While this may sound like just another chapter in the US war on drugs, it
is much more than that. In a move that could set an astounding new
precedent, Renee, facing charges of conspiracy to cultivate and distribute
marijuana, fled to Canada. Today while one of her supposed co-conspirators
is locked in isolation awaiting appeal and another lies dead, denied the
marijuana that allowed him to keep down his AIDS medication, Renee is
waiting to hear whether she will be returned to the US to face a 10 year
mandatory minimum sentence or whether our neighbors to the north will grant
her political asylum.
Renee's story begins in a popular Hollywood cafe/art gallery where she
first met Todd McCormick. It was April 1997; Californians had just passed
Proposition 215 legalizing medical marijuana and McCormick was sitting in
the middle of the room smoking what Renee remembers as a "really big
joint." Intrigued by the fact that he could be so bold, Renee introduced
herself and the two began a conversation about medical marijuana.

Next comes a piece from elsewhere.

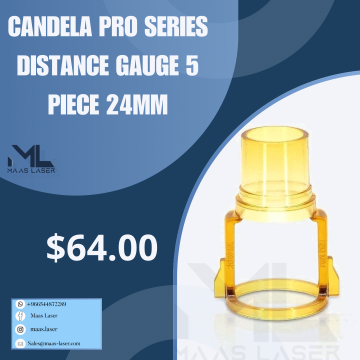 SET OF CANDELA PRO SERIES DISTANCE GAUGE5 piece of 24MM GENTLELASE PRO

McCormick is a long-time medical marijuana activist. By the age of ten, he
had suffered 9 different bouts with bone cancer. The top five vertebrae of
his neck are fused and he has one hip that is the size of a ten-year-old
boy's. McCormick's mother began giving him marijuana, with a doctor's
blessing, at the age of nine and he has used it ever since to manage the
pain of his condition.
In 1995, McCormick opened the first San Diego cannabis buyer's club. In
early 1997 his new project was a book entitled How to Grow Medical
Marijuana. With a $200,000 advance from publisher and fellow activist Peter
McWilliams, McCormick was conducting research for the book in his rented
Bel Air mansion. The night that he met Renee, who had recently graduated
with a fine arts degree from Loyola Marymount University, he asked her if
she would be interested in doing some illustrations for his book. Renee
agreed and thus began her relationship with the "Marijuana Mansion Man," a
relationship that would end up with her in jail less than four months later.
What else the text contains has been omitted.